Far too many of the foreign companies that come to my law firm seeking to “shore up” their China IP protections actually have no China IP protections at all in place. But they wrongly believe otherwise.
Many of these companies do not realize that unless they register their brand name as a trademark in China they are at real risk of losing their right to use their own brand name in China, even if just on their own product or packaging made in China for export elsewhere. See China: Do Just ONE Thing: Register Your Trademarks AND Your Design Patents, Part 1. Some of these companies think they’ve already protected their brand name from trademark “theft” in China, but our own trademark search reveals they have not. See China Trademarks. Register Them In China Not Madrid and China Trademark Registration: Keep it Real.
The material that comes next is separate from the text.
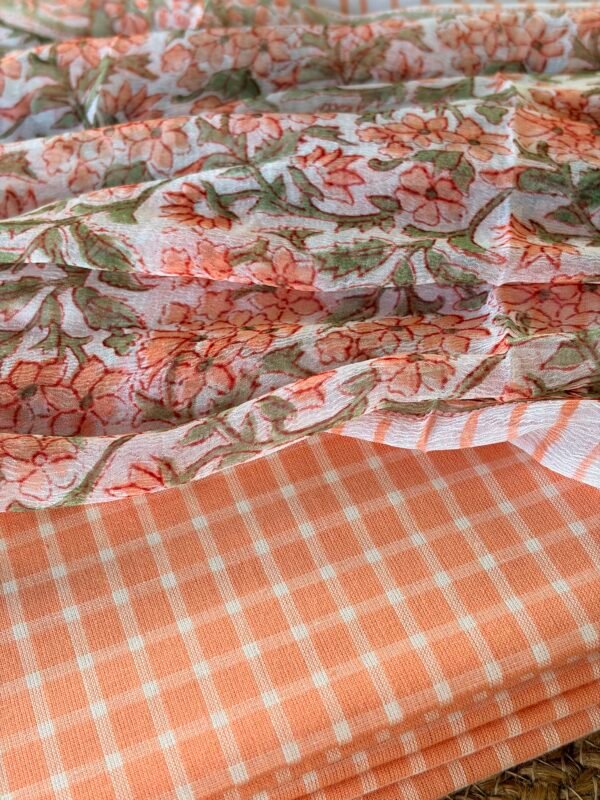 COTTON TOP AND PRINTED CHIFFON DUPATTA - Image 5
But by far the most common misbelief regarding China IP protection we encounter is the foreign company that believes its United States style NDA protects their IP in China when it most emphatically does not. See Why Your NDA Does Not Work For China. When I tell them that these NDAs do not provide any protection unless the China company that signed it has assets in the United States their response is almost invariably something along the lines of, “well it is at least better than our having nothing. My response to that is silence and then I say something positive and forward thinking, but ultimately noncommittal like, “well, fortunately, we can now start taking substantive action to protect your IP from China.”
But what I am thinking is, “wrong, your NDA is actually WORSE than nothing.” And here is why.
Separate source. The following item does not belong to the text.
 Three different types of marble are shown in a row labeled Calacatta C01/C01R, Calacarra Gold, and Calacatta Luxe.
- Your China counterpart knows the NDA it signed is worthless and your using that NDA tells it that neither you nor anybody working for you (within or outside your company) has even the most basic knowledge of what it takes to protect IP in China. In other words, you are ripe for the picking.
- Your NDA is pretty much a free pass for your China counterpart to steal your IP with impunity and this is true for multiple reasons, though one reason usually stands out. Your NDA no doubt says all disputes will be resolved in an American court under United States law. Now let’s suppose your China counterpart steals your IP and you want to sue. You now must sue in a United States court and that means you have almost certainly cut off any possibility of recovering anything as against your China counterpart. For why this is the case, check out Enforcing Foreign Judgments In China — Let’s Sue Twice, Chinese Companies Can Say, “So Sue Me, Why Suing Chinese Companies In The US Is Usually A Waste Of Time, and Enforcing US Judgments in China. Not Yet.
- If you had no NDA you could at least threaten to sue or actually sue your China counterpart in China for statutory trade secret or other potential IP violations. But your NDA agreement actually precludes that.
If you want to protect your IP from China you need an appropriate China NNN Agreement. It’s that simple.